Monday, January 26, 2015

Pretest

A big focus of the quarterly reading class I teach is getting sixth graders to begin to identify theme as it relates to author's message. Most often, they want to boil it down to a moral or lesson, and that's a pretty good place to start. Today I read one of Dr. Seuss's lesser known tales to the class and then asked them to write down the message on an index card.

The story was "What Was I Afraid Of?" from the Sneetches collection, and for those who are unfamiliar, it is the truly bizarre account of a strange yellow (everybody is yellow in that book) nocturnal bear-like creature (the main character) who is (not surprisingly) terrified when he repeatedly runs into an empty pair of green pants that is able to walk, ride a bicycle, row a boat, and shiver in fear. In the end, he realizes that the pants are just as afraid of him as he is of them, and they befriend each other.

The moral of the story? According to the vast majority of my students it is Don't judge people by the way they look.

It could be, but here's the rub: I always ask them to test out their theories about theme by telling a story from their lives where they learned this lesson. Today? Not a single child of the 18 present could muster an anecdote of a time when they judged someone unfairly by their appearance. Neither have they ever been so unfairly judged, according to them.

Wow! Could it be that mankind has progressed that far?

Either that, or I have some work to do this quarter.

Sunday, January 25, 2015

Degrees of Separation

We wake up to news on the radio every morning, and I often lay abed visualizing the conditions described in the traffic and weather reports before I rise. I was actually up and about the other morning though when I heard the news that there was a huge fire nearby.

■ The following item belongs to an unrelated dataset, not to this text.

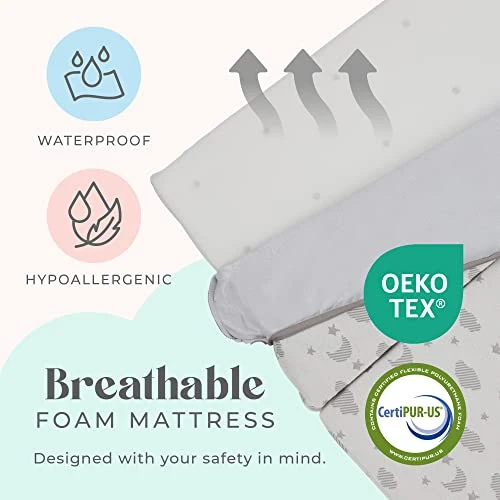 Waterproof Pack And Play Mattress Topper - 38" X 26" - Trifold Style - Breathable Soft Bamboo - Portable Trifold Playard Mattress Topper- Baby Foam Playpen Mattresses For Babies By Babylicious - Image 3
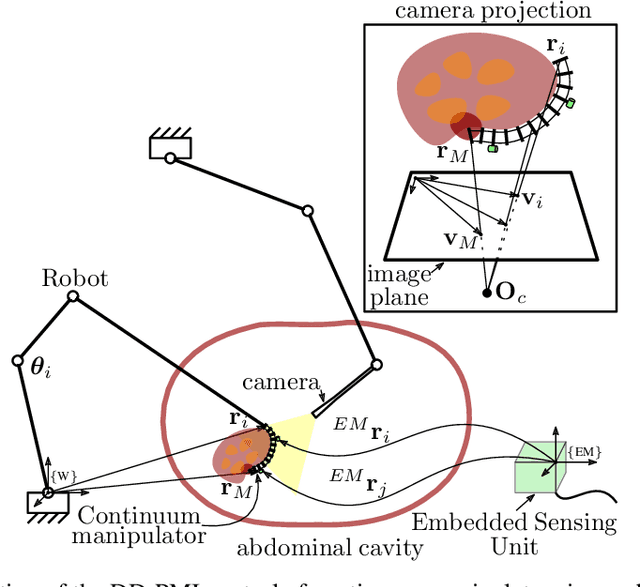 Figure 1 for A Versatile Data-Driven Framework for Model-Independent Control of Continuum Manipulators Interacting With Obstructed Environments With Unknown Geometry and Stiffness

This time I didn't have to imagine a thing, I simply looked out the balcony door from our bedroom and saw hundreds of flashing lights surrounding a grayish-orange glow in the sky.

I'm ashamed to admit that my first thought was to whether all that activity would make it harder for me to get to school rather than for the people who were in danger of losing their property and so much more. Later, after I made it to work without any problem, I heard that a 73-year-old man had died at the hospital after being rescued from the burning house, and just today? I found out that he was the grandfather of some former students. We're going to reach out to them tomorrow from school.

I've written before about how I learned years ago that it's a mistake to be aggressive or rude on the road around here. You just never know who you might be flipping off. This lesson was (literally) driven home to me when I encountered a rather impatient driver on my way to summer school on the first day. The light had just changed when she laid on her horn, gave me the bird, and whizzed around me to shoot up the crowded drive. Traffic being what it was, she wasn't that far ahead of me when we both pulled into the middle school parking lot, but she made haste in getting inside the building before we met face to face. All her efforts were in vain though, because ten minutes later, in the staff meeting, I was introduced as her supervisor.

Now that was instant karma thrash, but I tend to believe that everything else is, too, we just don't recognize it as such.

Be good!

Saturday, January 24, 2015

Trade Offs

There's this graphic I saw recently that I keep going back to-- it shows that half of the U.S. population lives in 146 counties, leaving the entire rest of the nation to the other half!

Living in one of the more populous regions as I do, I find myself fantasizing about life somewhere a little less crowded: Like somewhere you didn't have to show up 20 minutes early to a movie just to find a seat and still sit shoulder to shoulder with all the other patrons. Or maybe someplace where you could find a restaurant you liked where the wait for a table on a Saturday night was less than 45 minutes.

All that sounds great until I wonder if in those wide-open spaces the movie I want to see would even be playing and then consider just how far I'd have to drive to get to that restaurant.